Le regard plissé, j'essaie de respirer. Un pas, un autre, toi, mes plantes de pied qui coulent peut-être là où je m'efforce de marcher. Il y a ce bleu, verdâtre, qui suit mes pas, que je vois habillant mon genou. Le coup a été violent.
Je lève la tête sans savoir pourquoi. Un nuage de fumée, toi, une main agrippe mon crâne, c'est moi, j'ai la respiration qui siffle. Souffrance de partout où tu m'as effleurée, je retiens un cri la bouche ouverte et dans le silence, le son de ta voix se décuple en moi. Un murmure d'abord, c'est souvent comme ça, puis tu me hurles encore que c'est fini, le regard fermé. Oui, j'ai entendu... Je n'avance plus. Mes ongles pénètrent, accrochent mes cheveux, arrachent la racine des plus faibles, envolés.

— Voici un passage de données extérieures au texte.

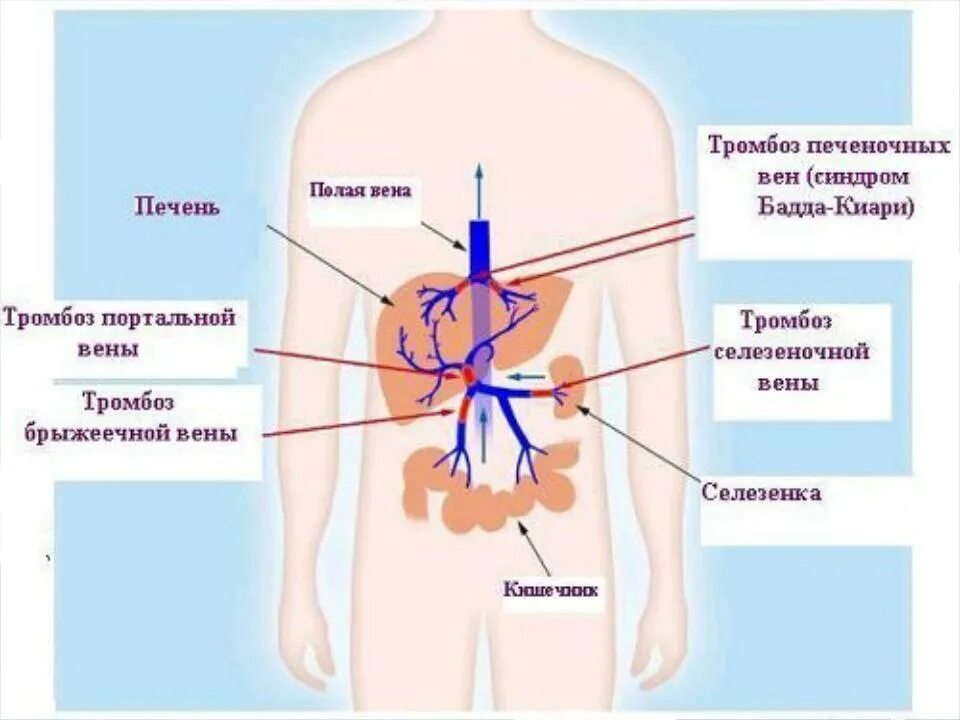 Тромб в печени. Тромбозы системы нижней полой вены. Тромбоз печеночных вен синдром Бадда-Киари. Синдром и болезнь Бадда Киари.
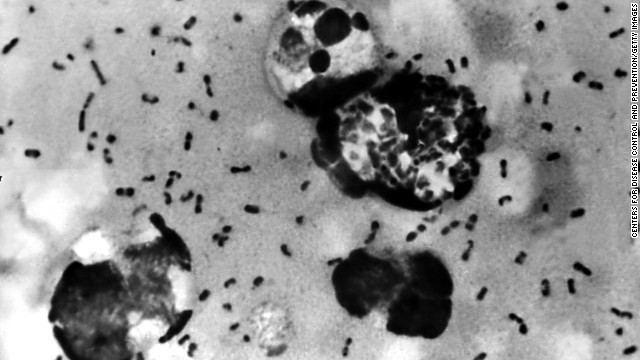 ペスト菌がペストを発症させる＝米疾病対策センター提供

J'avale un peu d'air, toussote, et maintenant arrive notre rencontre comme une vision brûlante, un bourdonnement. J'expire longtemps. La marche reprend.

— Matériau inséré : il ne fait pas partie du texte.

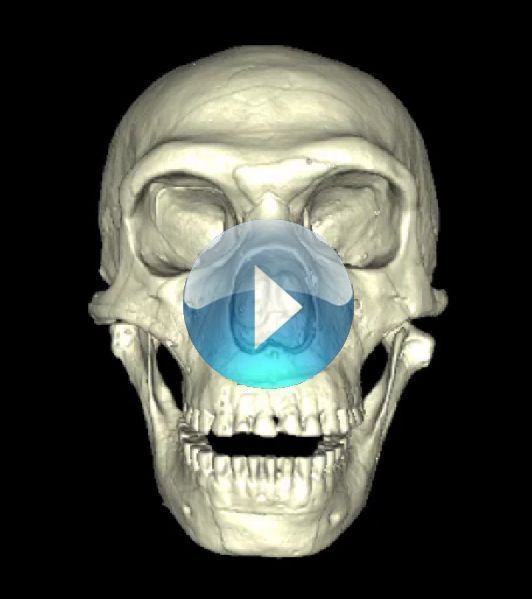 Combo reccomend Facial appearences of ngandong skulls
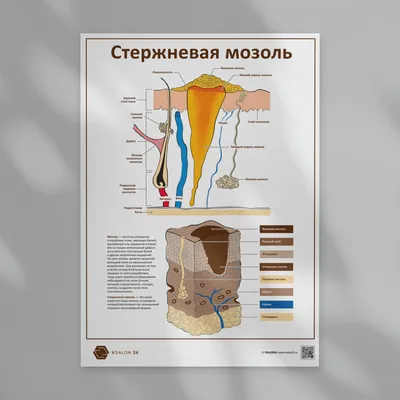 Ногтевая Студия Ева - Стержневая мозоль 👀 ⠀ Сначала ❤️мне будет приятно❤️  ⠀ Стержневая мозоль имеет стержень (корень), иногда ее называют корневой,  корень располагается глубоко в коже и может даже проникать в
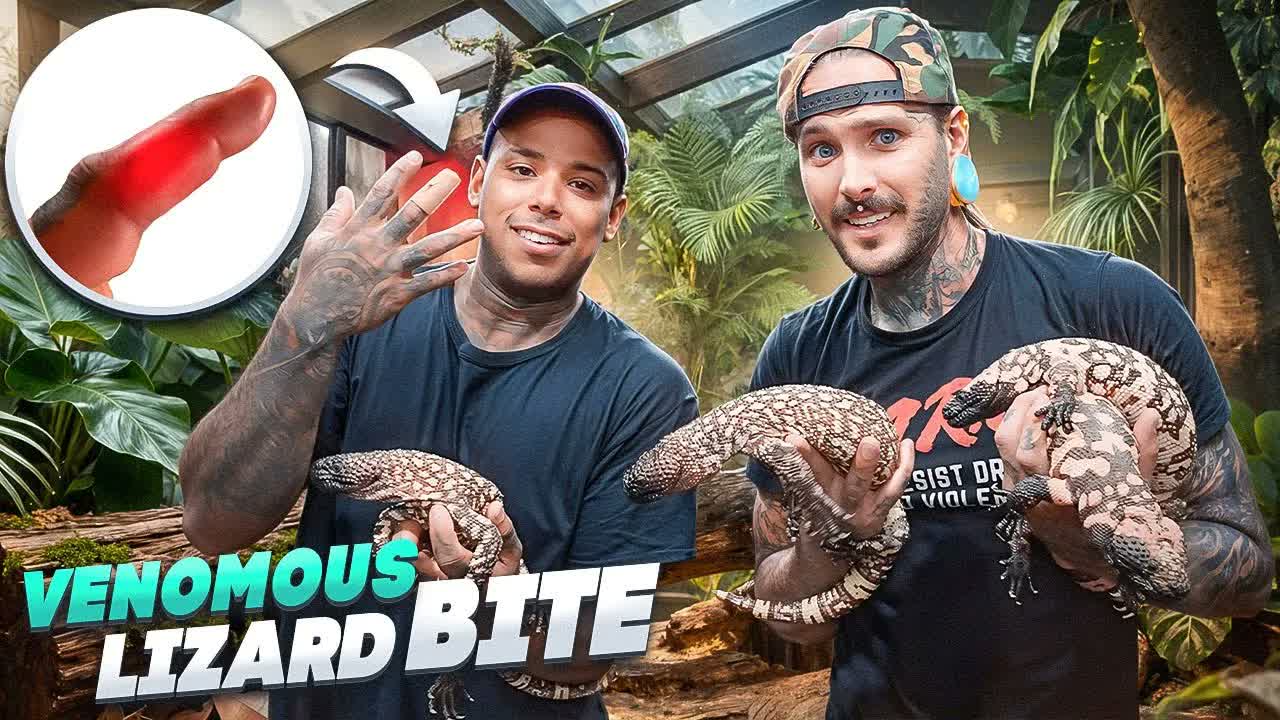 Josh was bitten by a venomous beaded lizard - what happened next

Je sens les perles glisser sur mon corps, s'insinuer sur le tissu collé à mon dos. Je les sais rondes, légèrement salées, elles sont un habit de sueur. Elles maquillent les boutons de ma peau, humidifient les griffures encrées. Elles trahissent ton souvenir. Je te transpire par chacun de mes pores. La nuit dernière, je me suis noyée à nouveau avant de commencer ma journée, car oui ce matin le drap m'étreignait sans te remplacer jamais.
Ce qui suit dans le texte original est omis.